Italy's rescue fund has Monte dei Paschi pledge covered

Italy's rescue fund has Monte dei Paschi pledge covered

Max Rossi

Problem loans totaling around 360 billion euros after a three-year recession have become the focus of investor concerns over Italian banks, weighing heavily on their shares and proving a long-lasting headache for the government.

Monte dei Paschi poses a threat to the wider Italian banking system and the hope is a solution to its problems could mark a turning point in the euro zone's third-biggest economy's banking crisis, which has threatened to trigger contagion across Europe, already rocked by Britain's June decision to leave the EU.

Quaestio Capital Management, which manages Atlante, said in a statement on Monday that its new Atlante II fund had so far raised 1.715 billion euros and was targeting up to 3 billion euros by the end of September.

The fund aims to lift its overall firepower to 3.5 billion euros by the end of July next year, Quaestio added.

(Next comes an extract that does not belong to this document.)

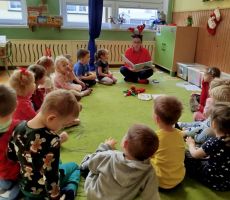 Książkowo Odkrywcy i świąteczne opowieści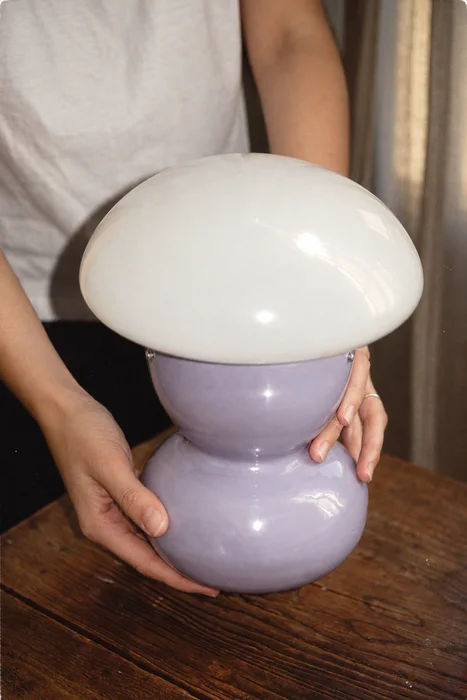 Luminaria Lila Lunar en Violeta - Lámparas de mesa, Uruguay | Maruja objetos, vista 2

Italy sponsored the creation in April of the Atlante fund which raised 4.25 billion euros to shore up the country's struggling lenders.

But it spent more than half of that to salvage two regional banks and is now seeking to raise fresh funds that will be used solely to buy soured loans off lenders.

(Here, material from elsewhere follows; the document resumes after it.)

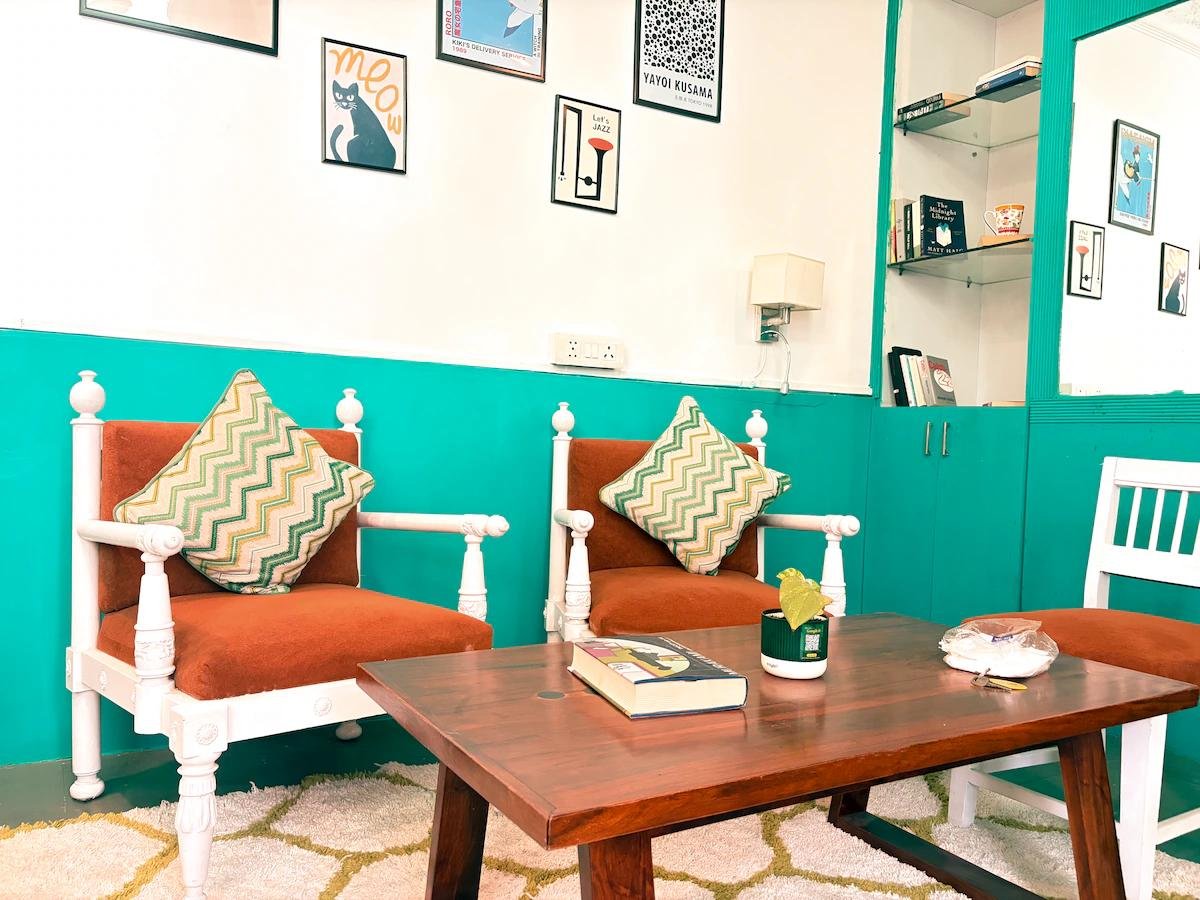 Sunlit Apartment in HKV w/Cafés & Nightlife nearby x Solis Nature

At the end of July, Monte dei Paschi, whose shares have lost 80 percent this year to touch historic lows, unveiled a plan to sell its 27.7 billion euros of bad loans, part of a broader rescue plan to address concerns over its general health.

As part of the plan, Atlante will underwrite the sale of about 1.6 billion euros worth of the bank's riskier bad loans.

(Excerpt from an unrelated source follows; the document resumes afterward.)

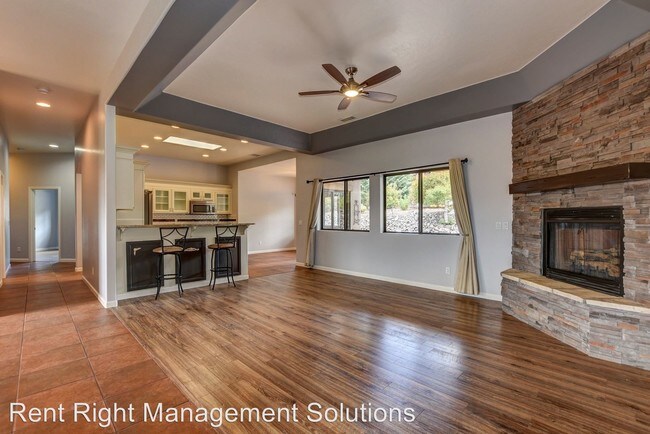 Building Photo - 3 br, 2 bath House - 849 Cameron Pass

Quaestio said several Italian financial players had committed to its new Atlante II fund but did not provide names.

According to a source close to the matter, a significant part of the funds left over from Atlante's first fund had been pledged to Atlante II.

The source said that not all players who had said they were ready to sign up to the new fund had yet officially committed.

"They will do so by September," the source said.